Prima squadra

Il tabù Bentegodi si conferma. Ed evidenzia le lacune del Pescara

La vittoria col Carpi aveva interrotto la striscia negativa, subito riaperta

18.12.2018 10:13

Il Bentegodi si conferma un campo tabù per il Pescara e riapre una crisi che la vittoria col Carpi del 7 dicembre sembarava aver archiviato.

In 22 confronti ufficiali a Verona tra le due squadre, infatti, i padroni di casa sono risultati vittoriosi 15 volte (6 i pareggi) mentre l’unica vittoria biancazzurra, 2-1 in Serie B, risale al 26 agosto 2011, debutto di Zeman sulla panchina pescarese nella stagione dei record, con le reti di Immobile ed autogol di Ceccarelli per gli abruzzesi e con lo stesso Ceccarelli a vestire i panni del bomber siglando il gol della bandiera per i gialloblu. Anche ieri sera un ko per il Delfino, che non riesce ad accorciare in classifica sul Palermo capolista e non produce il controsorpasso sul Brescia dell’inarrestabile Donnarumma. La copertina del posticipo è tutta per il baby Andrea Danzi, classe 1999 che con il suo primo gol tra i professionisti ha spianato la strada del successo alla squadra di Fabio Grosso, che ha trovato poi il raddoppio grazie ad un rigore di Di Carmine ed il colpo del ko con un autogol di Del Grosso. Una punizione sin troppo severa per il Pescara, resa un po’ meno amara dalla rete di Mancuso (nono sigillo stagionale per lui). Inevitabili i musi lunghi dei biancazzurri a fine partita, alla terza sconfitta consecutiva in trasferta.

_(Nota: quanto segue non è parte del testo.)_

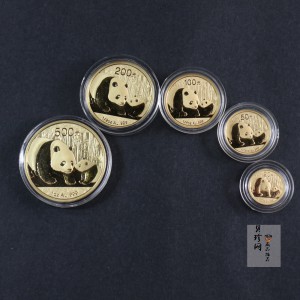 【119250】2011年熊猫普制金币五枚一套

Ciò che preoccupa è l'involuzione di una squadra che nel posticipo è annche partita bene, sfiorando il gol ma pagando dazio ad ogni minimo errore, come sottolineato da Pillon a fine gara «Sono molto arrabbiato», le parole del tecnico. La difesa non è più impermeabile, l'attacco - ad eccezione del solito Mancuso - è sterile ed il centrocampo appare appannato e non in grado di fare filtro. La sosta arriva forse nel momento propizio, per lavorare duramente, anche perchè a livello atletico la truppa sembra non avere smalto. 

«Il campionato resta molto equilibrato, non eravamo fenomeni quando le cose andavano bene e non siamo asini ora che abbiamo perso 3-1 a Verona», le parole di Palazzi. Vero, ma qualcosa che non va c'è. E a suo modo lo ha fatto capire non solo a parole ma a fatti lo stesso Pillon, con le sostituzioni (oltretutto a nostro parere errate per scelta e tempistica): sono sembrate un chiaro messaggio alla società in sede di mercato. 

Non c'è da fare drammi, il Pescara è ancora in posizione nobile di graduatoria anche se il turno in data 23 potrebbe modificare qualcosa, ma è tempo di profonde riflessioni. «Il Pescara è una squadra che può tranquillamente restare nel gruppo di testa, sfrutteremo la sosta che ci attende per lavorare sodo», ha detto Mancuso da Verona. Sarà così?